Hon. James Jerome Belden, "of Syracuse, N.Y., son of Royal Denison Belden, was born in Fabius, Onondaga county, September 30, 1825. He is a direct descendant of Richard
Belden, of England, who settled in Wethersfield, Conn., in 1636, founding a family which has numbered among its members officers of the American Revolution, judges, legislators, and successful business men. Mr. Belden's great-grandfather, Moses Belding, of Northfield, Mass., avenged the death of his twin brother, Aaron, who was scalped by the Indians; and Augustus Belding, a generation later, marched in the first company to Cambridge at the Lexington alarm. Among Mr. Belden's ancestors were Capt. Benjamin Wright, Joseph Chamberlain, and Stephen Belding, of the Colonial wars. The original spelling of the name (Belden) was restored by Dr. Joshua Belding in 1772, but not by this line of the family until 1820.

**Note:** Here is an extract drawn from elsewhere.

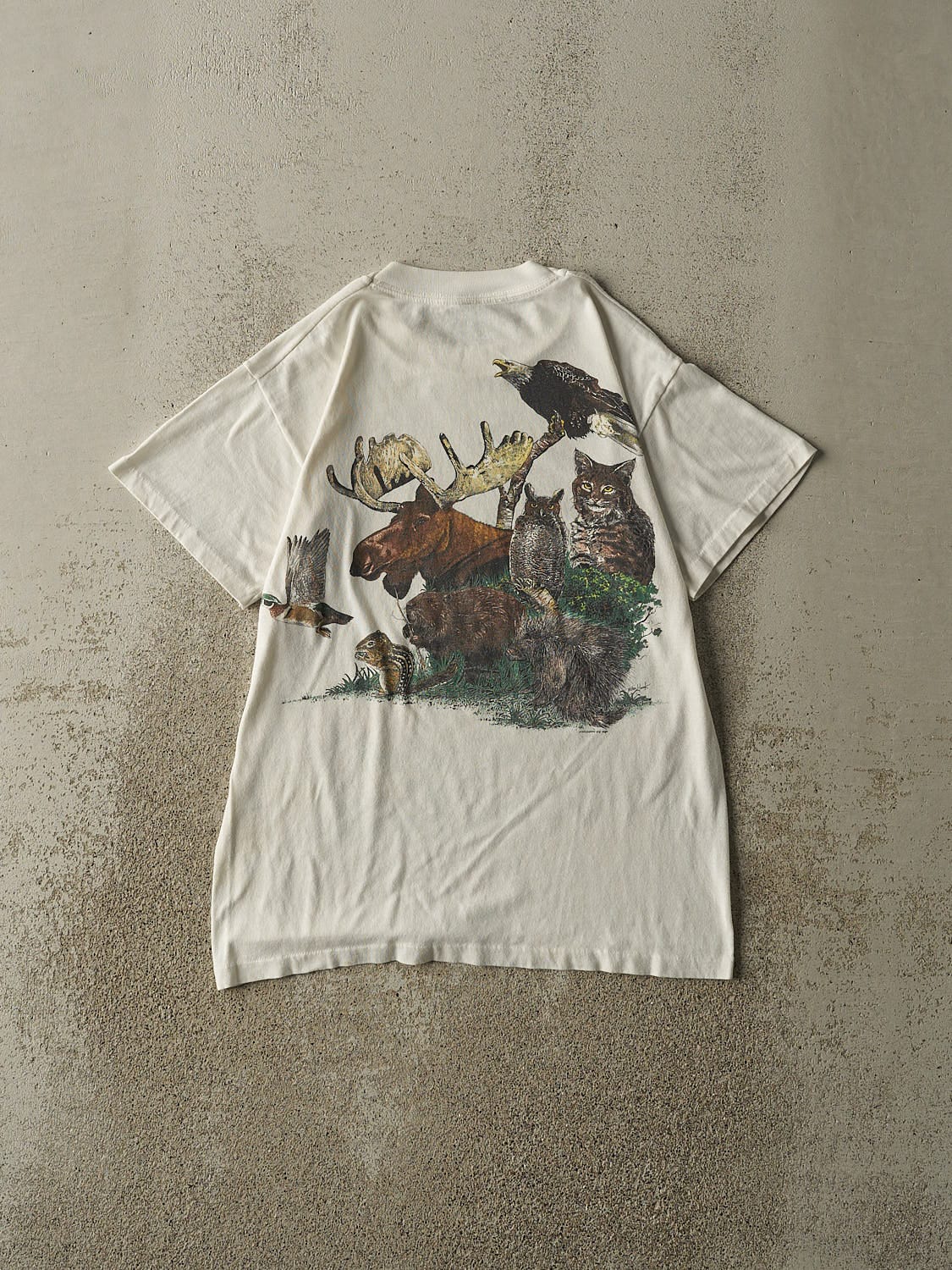 Vintage 89' White Canadian Wildlife Federation Tee (S/M)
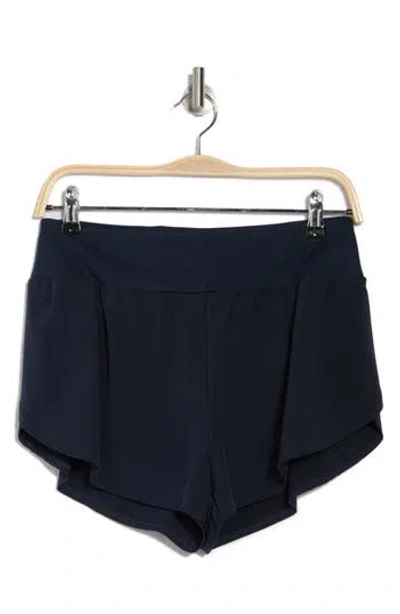 Z By Zella Elevate Pull-on Shorts In Navy Sapphire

Mr. Belden was educated in Fabius, and at an early age became a clerk in a store in his native town. He immediately showed unusual business ability, and soon left Fabius for wider fields. In 1850 Mr. Belden went to California, where with keen insight he engaged in commercial affairs instead of mining. He returned to Syracuse in 1853 and married Anna, daughter of Robert Gere. He then turned his attention to the construction of public works and was first associated with Robert Gere, later with is brother, the late A. Cadwell Belden, and Dr. Henry D. Denison. Among the most important contracts were the first street railways of Detroit and other cities, the enlargement of the locks on the Welland Canal, the Syracuse Northern Railroad, part of the West Shore Railroad, the Croton Reservoir, the Hell Gate improvements, dredging New York and other harbors, and improving the canals of the State.

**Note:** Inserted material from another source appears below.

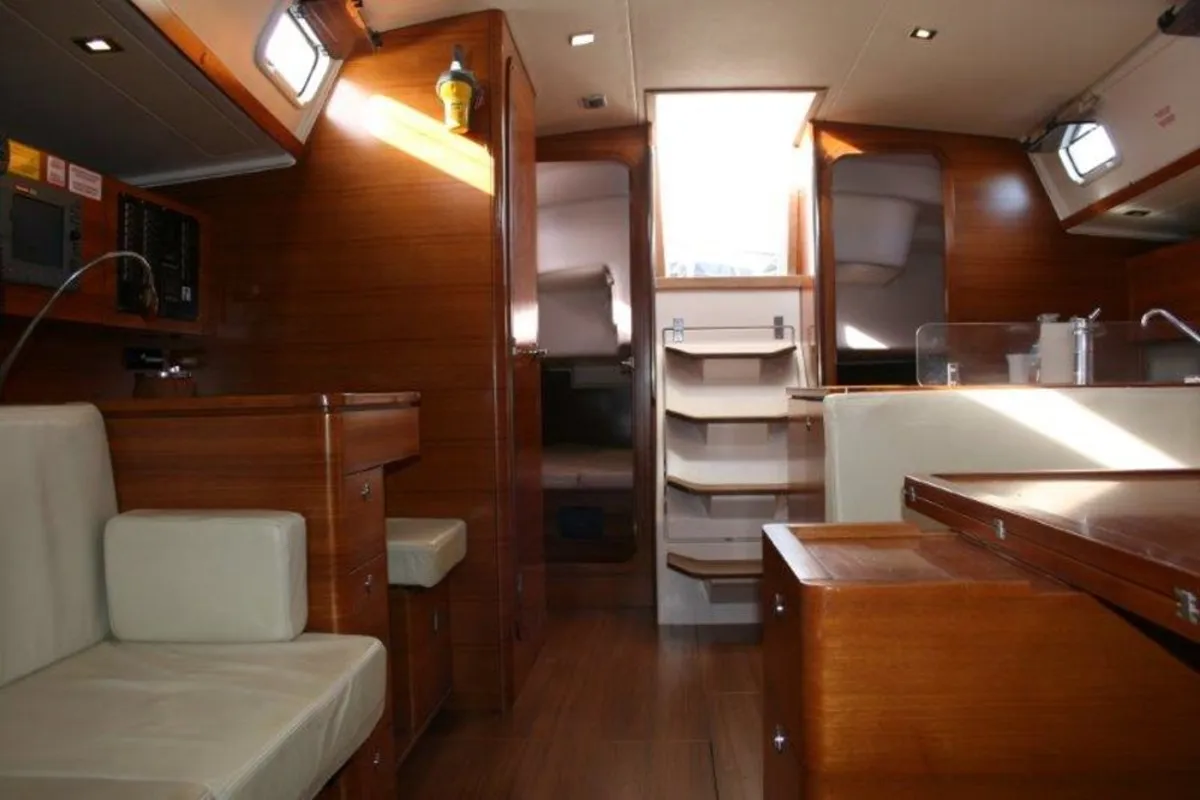Salon of Daddy's Toy, a AD Boats Salona 44 sailboat at Athens, Greece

The Robert Gere Bank, founded by Mr. Belden and his brother, the late A. C. Belden, in 1880, moved into its present handsome building in 1894. In addition to his property in Syracuse he has large real estate investments in New York city, notably the Manhattan Hotel now in process of erection. He is trustee in the Oakwood Cemetery Association, trustee of Syracuse University, and president of the Syracuse Gas Company.
In 1877 the people of Syracuse showed their confidence in Mr. Belden by nominating him for mayor without his knowledge or consent. He was elected by an unusual majority and gained lasting admiration for the vigor and ability with which he discharged his duty. He was re-elected the following year by a very largely increased majority. He was elected to the 50th Congress and re-elected to the 51st, 52d, and 53d Congresses, and then declined a renomination.
Mr. Belden accepts criticism with good nature, defends his convictions with determination, has great force of character and tenacity of purpose, and is as well known for his quiet benevolence as for his political prominence and financial success." Source: Bruce, Dwight H. (Ed.), Onondaga's Centennial. Boston History Co., 1896, Vol. II, pp. 170-171, Biographical.